今回のテーマは、iPhoneだけで対局を行い、DL系エンジンをスマートフォンで動作させた場合の強さを示すことです。第33回ではMac上の将棋所と連携して通信を行っていましたが、今回は完全にiPhoneだけで完結するようにしました。無線LANや携帯電話回線を使えば、バッテリーが持つ範囲では、ケーブルを一切接続せず対局することも可能です。
技術的には、以下の要素の組み合わせです。
- ふかうら王をiPhone用に移植する
- 第3回世界将棋AI電竜戦本戦(2022/12/03)で実装済み
- GUIを実装する
- ふかうら王の指し手(USIプロトコル)を対局サーバで用いるCSAプロトコルに変換する(新規実装)
- 第33回世界コンピュータ将棋選手権(2022/05/03)でSwift言語で実装した盤面クラスを応用
従来使用していたiPad(第9世代)(2021年発売)から、iPhone 15 Pro(2023年発売)に端末が新しくなったことで、読みの速度が1000NPSから5000NPSに向上しています。floodgateではレート3700程度でした。
戦績
一次予選からの参加で、一次予選は28チーム中5位となりました。二次予選では一次予選から上がった11チームとシード17チームの合計28チームで争い、18位となり、ここで敗退しました。二次予選の上位18チームに与えられる、次回大会のシード権を獲得しました。

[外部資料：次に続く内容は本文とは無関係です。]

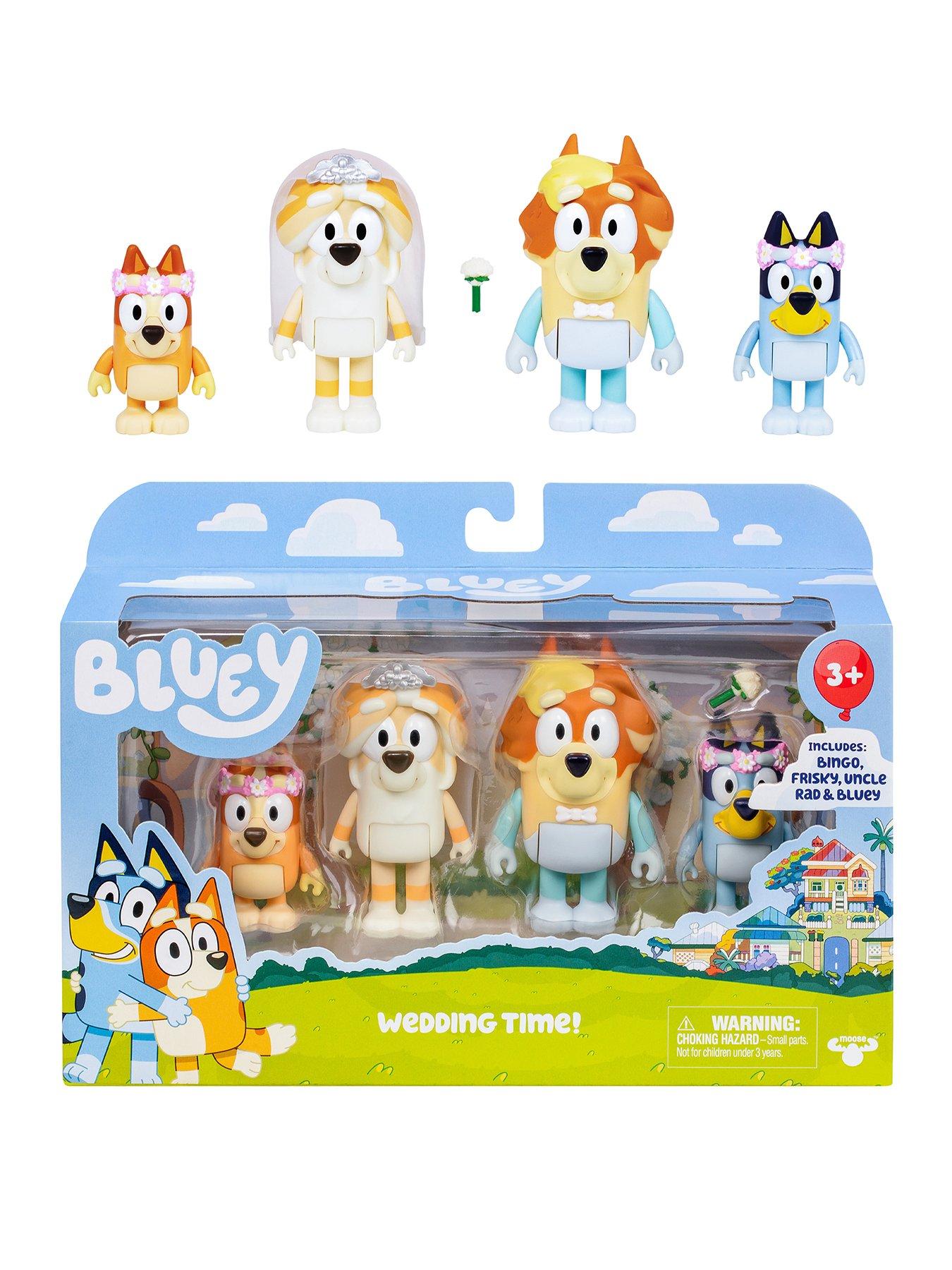 bluey-s10-figure-4pk-special-set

なお、二次予選のnshogi-ねね将棋戦は、nshogi側の不具合によりねね将棋の勝利となりました。
感想
長い定跡を使っているチームが多く、序盤の消費時間に大きな差が開くこともありました。本番で普段より強力なハードウェアを利用するチームは定跡のメリットが落ちるようですが、ねね将棋はハードウェアに縛りがあるので定跡は積極的に活用していくべきと思いました。ただし、開発者本人の棋力を活用して調整を行っているチームもあるようで、仮に詳しい手法がわかっても真似するのは難しい場合もあるようです。
対局中の不具合はなく、無事故で終えることができました。iPhoneを使うことは他のチームにない唯一の特徴であるため独自にノウハウを構築する必要がありましたが、過去に起きたトラブルの再発防止を図ったことが有効だったと思います。
上位ソフトとの対局では頓死気味の終わり方が多くありました。読みぬけは重要な課題です。今回まででiPhoneでふかうら王を動作させる環境構築が完了したと考えられるので、今後は評価関数の改良などに取り組んでいきたいです。
対局してくださった方、運営の皆様に感謝申し上げます。